Pros: Both orchestration and choreography facilitate complex service interactions and workflows. Orchestration allows for centralized control, while choreography promotes loose coupling and scalability.

Cons: The downside of orchestration is that it can lead to tight coupling and create a single point of failure. On the other hand, choreography can become complex and difficult to manage as the number of services increases.

API Gateways

Definition: API gateways are API management tools that act as an interface, allowing clients to access backend microservices.

Pros: These simplify communication by providing a single entry point for clients, and can handle cross-cutting concerns such as security.

Cons: Like ESBs, API gateways can introduce a single point of failure or development bottleneck, and so must be carefully managed.

Integration Platform as a Service (iPaaS)

Definition: Integration Platform as a Service (iPaaS) refers to a suite of cloud services that enable development, execution, and governance of integration flows connecting processes, services, applications, and data.

Pros: iPaaS provides a scalable and flexible platform to integrate systems and services, as well as reducing the need for on-premises middleware.

Cons: It can be complex to set up and manage, as well as being incompatible with some legacy systems that don’t support web standards.

Internal Developer Portals

Definition: An Internal Developer Portal (IDP) is the engineering system of record for building high-quality software systems. These abstract away the complexities and cognitive load required to ensure software security, readiness, maturity and more.

Pros: IDPs can dramatically increase developer productivity and experience, as well as improving standards and accountability. They help with everything from debugging to routing data from web services.

Cons: Like any other wide-ranging product, using an IDP means dedicating sufficient resources to it and ensuring buy-in from developers.

How can Cortex help?

SOAs are only as good as your ability to ensure consistency in how they're developed across teams and tools. Cortex's Internal Developer Portal enables you to create templates for healthy services, and continually enforce standards of security, compliance, production readiness, and operational efficiency once they're deployed.
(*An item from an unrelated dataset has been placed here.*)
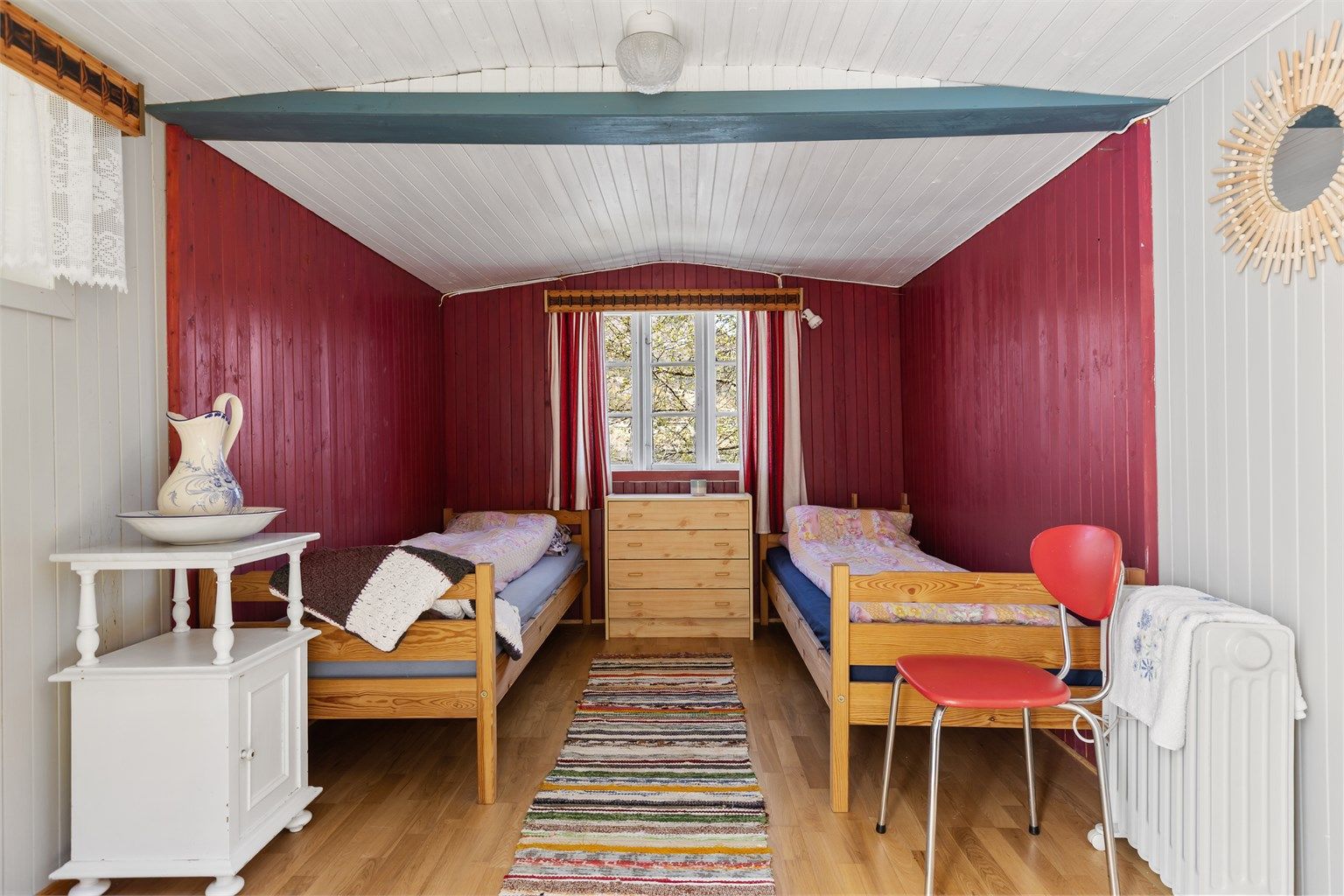 Annekset er innredet med soveplasser og fungerer som et hyggelig gjesterom. Det gjøres oppmerksom på at det ikke foreligger godkjenning/tegninger over annekset.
For example, if you want all your new services (often Docker containers) to have the same basic configuration from—at the very least—a security standpoint, and the same basic packages/libraries used across the org, Cortex's Scaffolder and Actions can enable you to build templates with boilerplate code to ensure alignment to those standards before deploying. Once the service is live, you'll need a way to see if it meets all the standards for that service (on call, SLOs, runbook etc), which Cortex Scorecards enable you to track. Finally, you'll want away to nudge engineers to fix things that fall out of alignment, with Cortex Initiatives and targeted alerting. Beyond building and monitoring new services, Cortex's catalogs enable developers to quickly reference who built what, what it does, and what it's made of.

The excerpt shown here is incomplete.